What did you most enjoy about majoring in public health – health management and policy?

“Looking back at my time, I really enjoyed the conversations surrounding health care with professors and my fellow classmates. There was a lot of critical thinking in our courses, which has been super helpful in my professional life.

“We had instructors who were also working professionals teaching us about reimbursements, and it was fascinating to hear how the things we were learning were being applied in real time. I remembered when the Affordable Care Act passed in 2010 and how much that changed the way we talked about health care. It was also eye opening to be learning the impact not just on a federal level but on a state level. Oregon has always been known to be progressive in health care, so it was neat to see how the state would implement the ACA.

Do you think the program has prepared you or made you stronger professionally? Did it prepare you for your graduate degree?

“The program has made me stronger professionally. It prepared me for the complex concept of running a health care system in our country and what happens if it is not done successfully.

“It gave me the foundation I needed to pursue my graduate degree and enter the professional world. I ended up earning my master’s degree in health care administration from George Washington University, where one of my OSU professors wrote a letter of recommendation for me.”

Did you complete an internship during your program?
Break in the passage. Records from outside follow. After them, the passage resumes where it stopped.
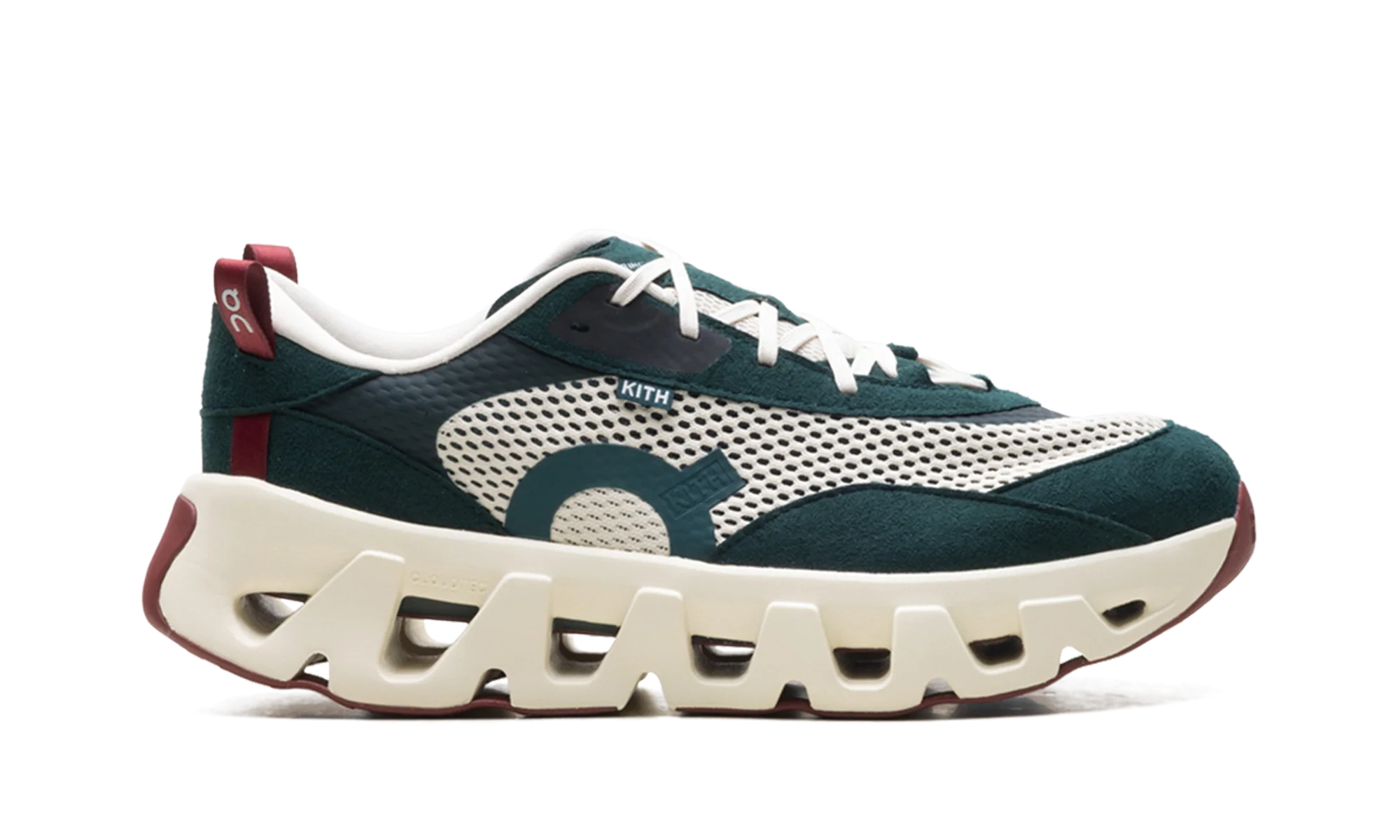 On Running K-Tech 2 Kith Spirulina Barley - Image 6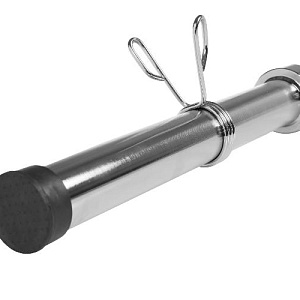 Купить Unix Fit Гриф олимпийский PRO 180 прямой 180 см / 50 мм Chrome в Москве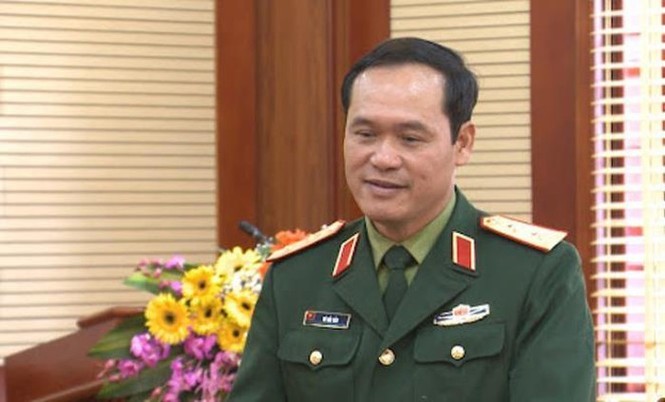 Chân dung ba Thứ trưởng Bộ Quốc phòng vừa được bổ nhiệm - ảnh 2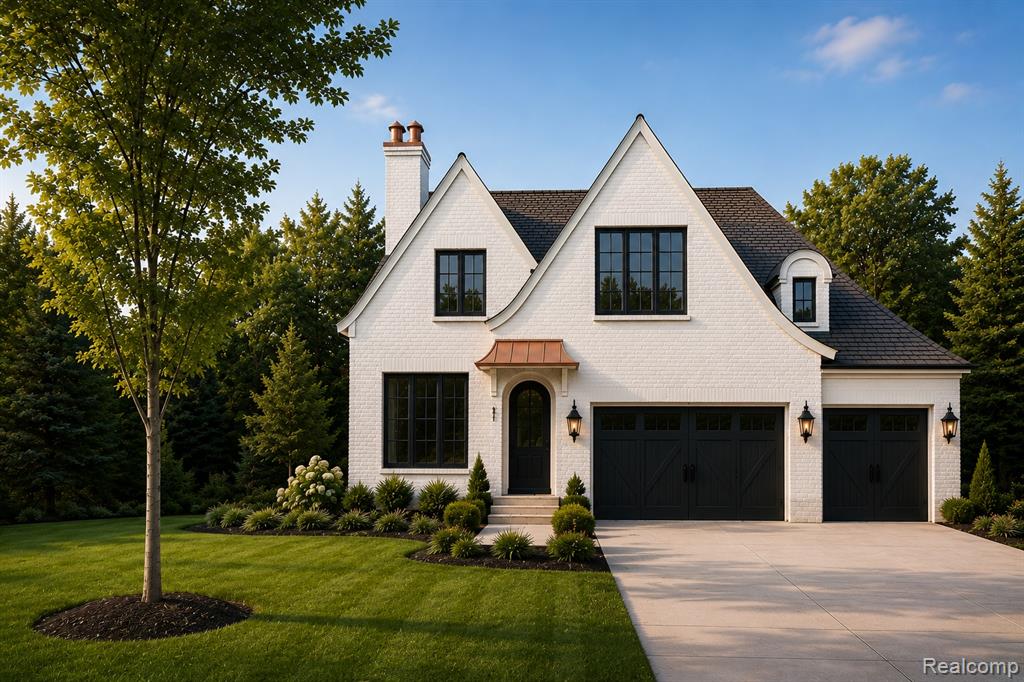 526 Girard Avenue, Royal Oak, MI 48073 — front exterior
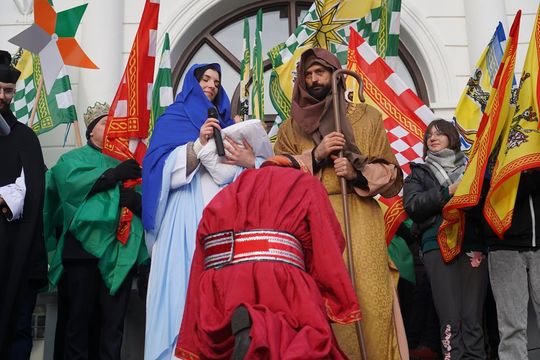 Orszak Trzech Króli w Chełmie [GALERIA ZDJĘĆ]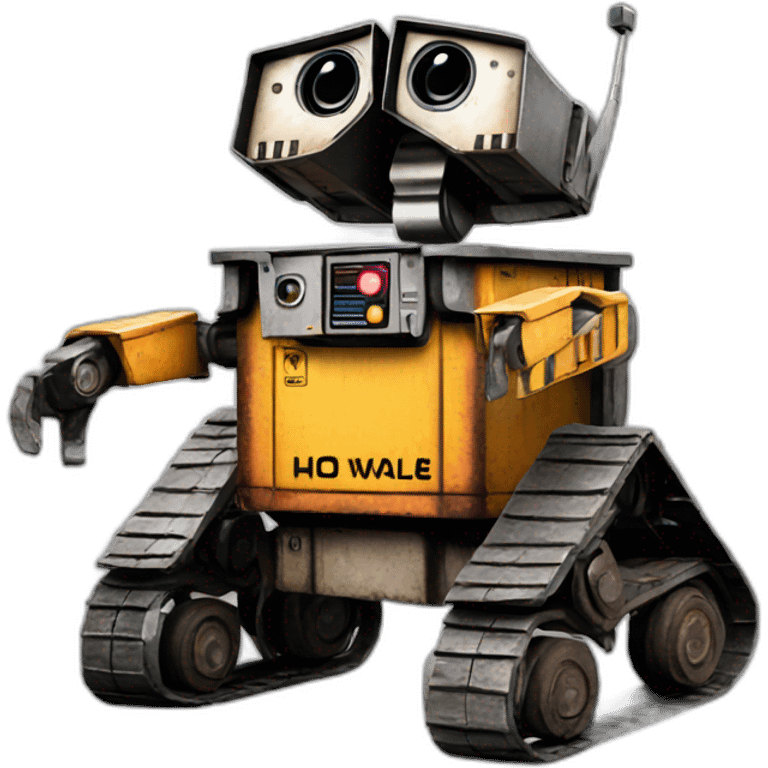 walle emoji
“I completed two internships. I spent one term with the OHSU Infection Prevention Control department, and I spent another term interning for Congressman Kurt Schrader in Washington, D.C., learning about policy.”

What does your current job entail?

“I oversee Samaritan Endocrinology, Samaritan Kidney Specialty, Samaritan Rheumatology, and the Good Samaritan Regional Medical Center Diabetes Management team. This includes 30 people and a combination of clinicians, CMAs, RNs and support staff. I oversee the day-to-day operations of these departments, which can include staffing, recruiting, budgeting and just about a little bit of everything in between. I see my role as supporting those who are taking care of our patients. There is a lot of behind-the-scenes work that goes into health care operations.”

Who should consider a public health degree?

“If you are a person who is passionate about taking care of others and believe that everyone deserves health care, then public health is the right field for you.

“Most people who think of health care may think of going into medicine, nursing or other allied health route, which are much needed professions. But there are also other ways to make a difference in the health care world outside of those options.”